Women may be paying the price for decades' old concessions to the medical aid industry.
If you fell pregnant today and sought out a medical aid, here's who would and wouldn't cover you. Here's why.
By law, medical schemes must cover a set of 270 conditions called prescribed minimum benefits (PMBs), regardless of what kind of plan a member has. The Medical Schemes Act of 1998 introduced PMBs to help safeguard consumers from losing medical cover in the event of serious illness.
But today, despite the government's commitment to reducing maternal mortality, standard antenatal care still isn't a PMB. However "antenatal and obstetric care necessitating hospitalisation, including delivery" is a PMB, according to the full list of PMBs stated on the Council for Medical Schemes website.
Long-time health activist Fatima Hassan recently told Bhekisisa why:
"The 1998 Act established South Africa's first Council for Medical Schemes (CMS). [It] marked the end of an era in which member premiums were determined partially or entirely by how much patients with health conditions were likely to claim.
"But not everyone was happy about the shift... It took massive legal battles and public campaigning against business interests to get the industry to align with the goal of social solidarity - the idea that healthier members should cross-subsidise those with greater health needs.
"In return, the industry was permitted to implement late joiner penalties and general waiting periods (three months). Longer waiting periods for pre-existing conditions that do not appear on the PMBs were also allowed and, incredulously, included pregnancy."
During general three-month waiting periods, new members pay monthly premiums but are not entitled to any benefits, in some instances not even for PMBs.
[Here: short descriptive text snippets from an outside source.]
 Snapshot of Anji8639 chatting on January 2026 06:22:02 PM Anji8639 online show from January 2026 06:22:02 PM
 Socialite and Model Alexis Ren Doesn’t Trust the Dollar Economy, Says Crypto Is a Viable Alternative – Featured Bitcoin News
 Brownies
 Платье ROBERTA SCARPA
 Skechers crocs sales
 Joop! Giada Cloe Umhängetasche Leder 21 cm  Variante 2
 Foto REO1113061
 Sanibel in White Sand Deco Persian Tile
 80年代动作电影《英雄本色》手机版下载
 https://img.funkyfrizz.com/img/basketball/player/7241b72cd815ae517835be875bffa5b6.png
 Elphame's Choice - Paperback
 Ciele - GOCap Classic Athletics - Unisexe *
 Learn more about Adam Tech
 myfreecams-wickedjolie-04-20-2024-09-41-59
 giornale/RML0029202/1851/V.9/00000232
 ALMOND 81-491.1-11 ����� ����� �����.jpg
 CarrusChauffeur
Seem unfair? Discovery Health CEO Jonathan Broomberg explains that waiting periods are crucial to managing what's known as "anti-selection" - a phenomenon in which healthy people only join medical aids when they need them, like when they fall sick.
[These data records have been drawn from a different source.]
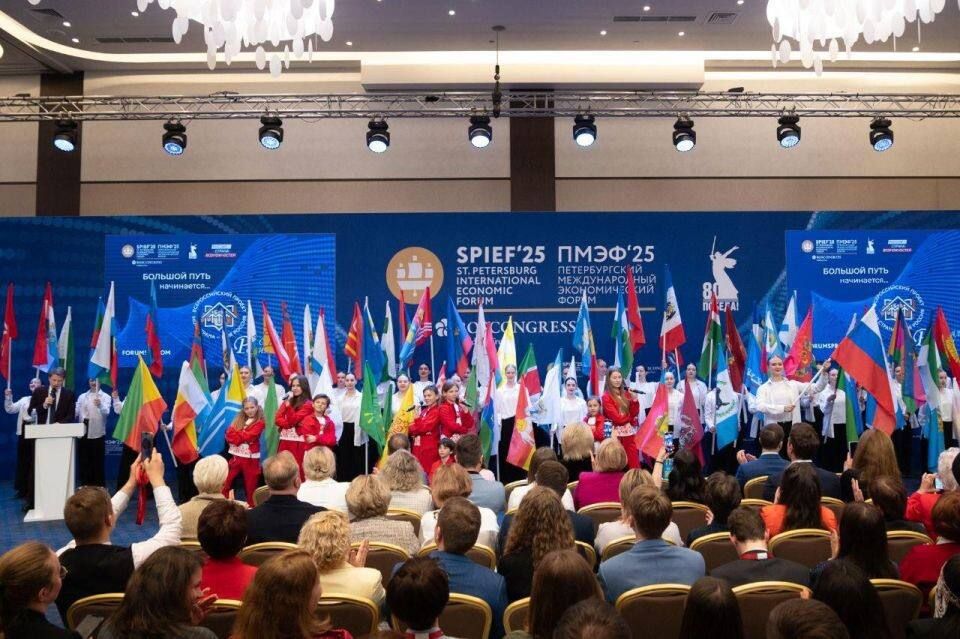 �������� ��������� �� ���������� ����������� ������� ����� ����� ����� ������ ��������� ������� ������ ������ ����� � ��������� ���� ������. ��� �������. ��� ������ ��II ������ �������������� �������� ���� ������ � ���...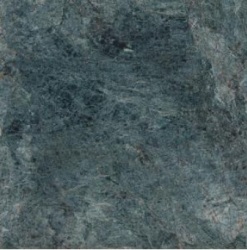 Pamesa gres Kionia Smeraldo Lux 120x120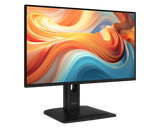 MSI PRO MP245PHG E14 view 4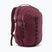 Рюкзак чоловічий Patagonia Refugio Day 26 l berry fig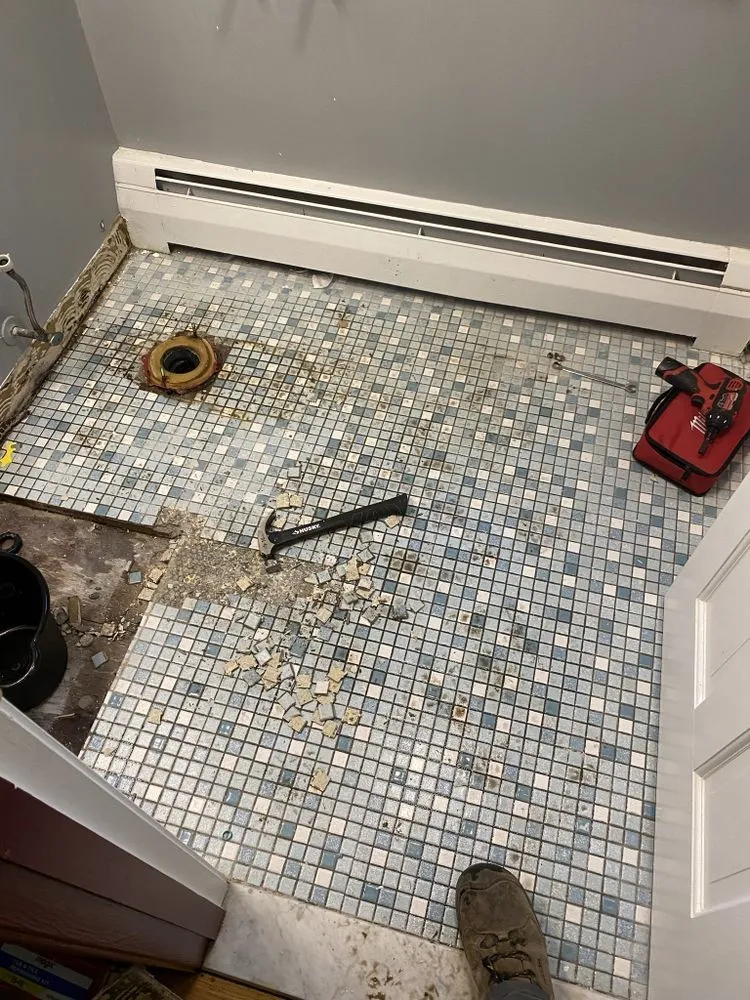 Top-rated yard maintenance experts serving Waterbury, CT - Gonzalez Landscaping & Home Care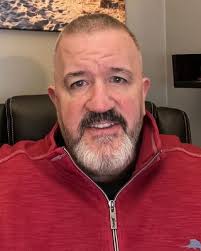 Andrew Leonard, Clinical Social Work/Therapist, East Providence, RI, 02914 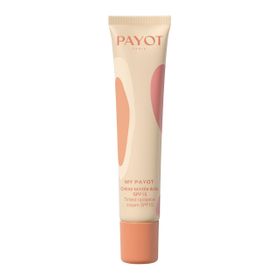 Payot My Payot Getinte Crème Eclat SPF 15 | Alle huidtypes
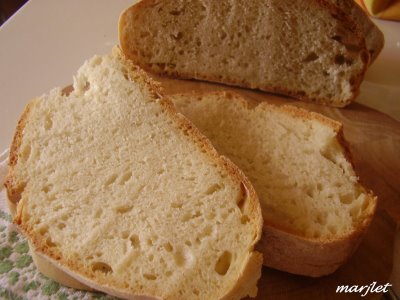 pane 2.jpg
And medical aids need healthy members, who claim less, to subsidise the cost of other members - like those who are elderly or live with chronic conditions - who might claim more, he explains.
"If anti-selection were not managed, it would lead to medical aid claims exceeding contributions and, in turn, increase premiums dramatically and essentially make medical schemes unaffordable", he told Bhekisisa.
"The total cost of antenatal care, delivery and postnatal care can range from R60 000 to several millions of rand...," Broomberg says. "If medical schemes had to pay out these costs for members who joined only at the time of pregnancy - and who could then leave after the pregnancy - the premiums paid by these members would never be enough to cover the costs incurred by the scheme."
But Hassan says it's time that civil society challenges these concessions.
"It's time to challenge these concessions because until the National Health Insurance is fully rolled out, many working women who can afford to, will rely on basic or entry-level medical scheme plans," she argues. "They do so to save time in queues, to travel shorter distances to a clinical facility near their work or home, or to get tested and screened in a clean facility at fixed times that make sense for their work commitments and family obligations."
She says: "The time has come for civil society and progressive, committed health professionals and medical schemes - with government support - to change the law and the rules."